[RFC PATCH 1/4] sched: Track and export per task [hard|soft]irq time

From: Venkatesh Pallipadi
Date: Mon May 24 2010 - 20:11:53 EST


Currently, kernel does not have accounting mechanism for softirq and hardirq
times at the task level. There is irq time info in kstat_cpu which is
accumulated at the cpu level.

Without the task level information, the non irq run time of task(s) would
have to be guessed based on their exec time and CPU on which they were
running recently and assuming that the CPU irq time reported are spread
across all the tasks running there. And this guess can be widely off the mark.

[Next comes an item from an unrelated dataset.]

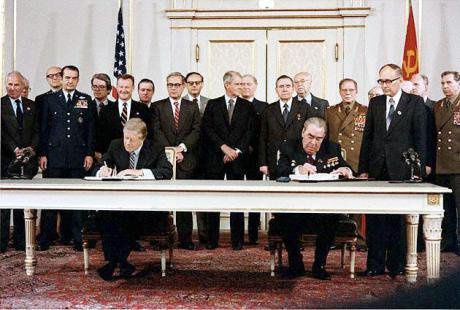 Carter_Brezhnev_sign_SALT_II.jpg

Sample case, considering just the softirq:

If there are varied workloads running on a CPU, say a CPU bound task (loop)
and a network IO bound task (nc) along with the network softirq load,
there is no way for the administrator/user to know the non-irq runtime of each
of these tasks. Only information available is the total runtime for each of the
tasks and kstat_cpu softirq time for the CPU.

In this example, considering a 10 second sample, both loop and nc would have
total run time of ~5s. And kstat_cpu softirq on this cpu increase was
355 (~3.5s).

So, all the information the user gets is that both the tasks are running for
roughly the same amount of time and softirq is around 35%. As a result user
may conclude that irq overhead for both tasks are equal (1.75s) and the
non-irq runtime of both the tasks are around ~3.25s. Yes. There is another
factor of system and user time reported for these tasks that I am ignoring
as that is tough to correlate with irq time, in cases where the tasks have
significant non-irq system time.

This change adds tracking of softirq time on each task and task group.
This information is exported in /proc/<pid>/stat.

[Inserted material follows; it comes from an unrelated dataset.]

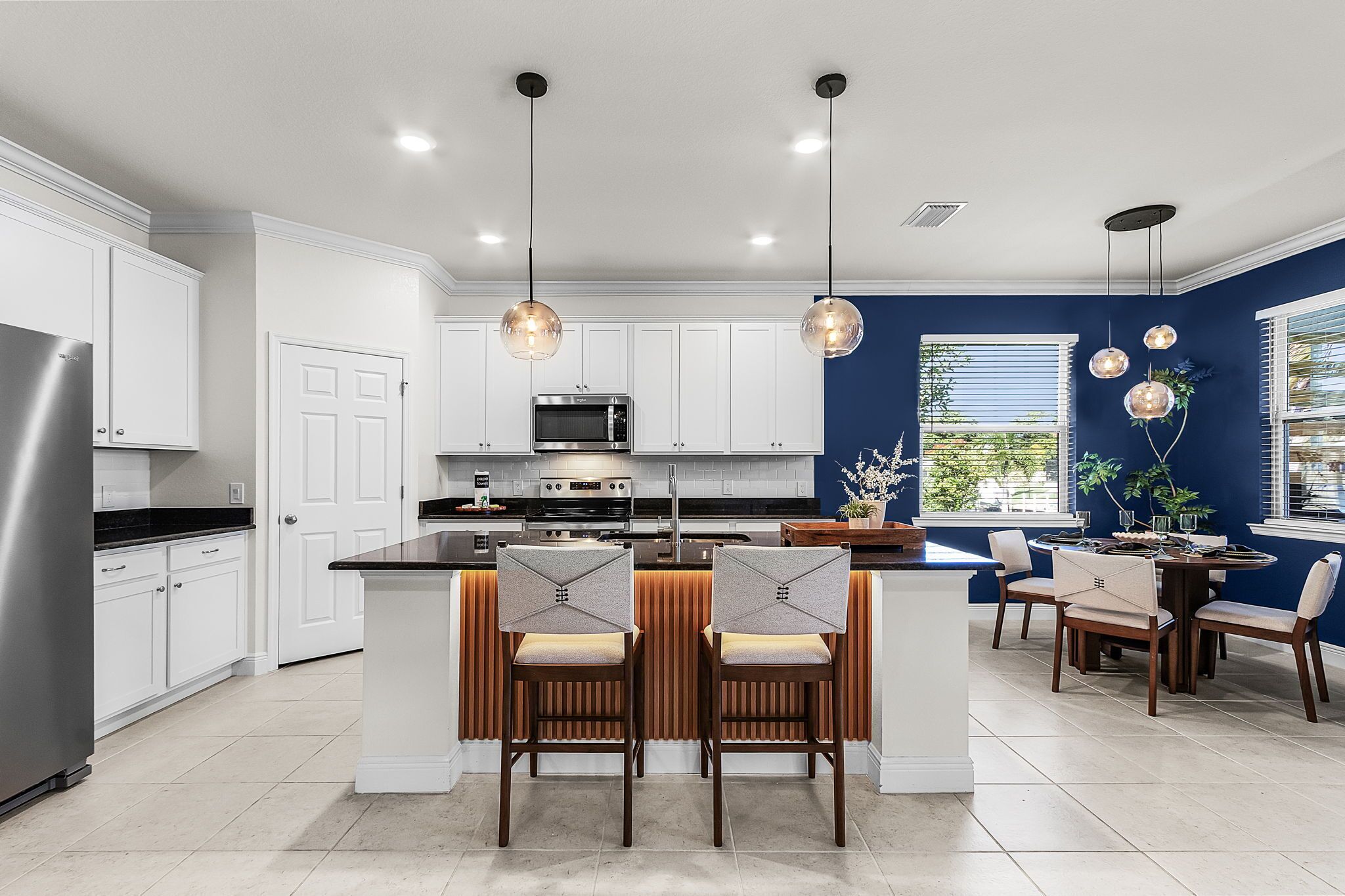 冷蔵庫、電子レンジ、オーブン、コンロ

So, the user can get info like below, looking at exec_time and si_time in
appropriate /proc/<pid>/stat.
(Taken for a 10s interval)
task exec_time softirqtime (in USER_HZ)
(loop) (nc)
505 0 500 359
502 1 501 363
503 0 502 354
504 0 499 359
503 3 500 360

with this, user can get the non-irq run time as 5s and ~1.45s for
loop and nc, respectively.

Signed-off-by: Venkatesh Pallipadi <venki@xxxxxxxxxx>
---
Documentation/filesystems/proc.txt | 5 ++++-
fs/proc/array.c | 17 +++++++++++++++--
include/linux/sched.h | 4 ++++
kernel/exit.c | 2 ++
kernel/sched.c | 9 ++++++---
5 files changed, 31 insertions(+), 6 deletions(-)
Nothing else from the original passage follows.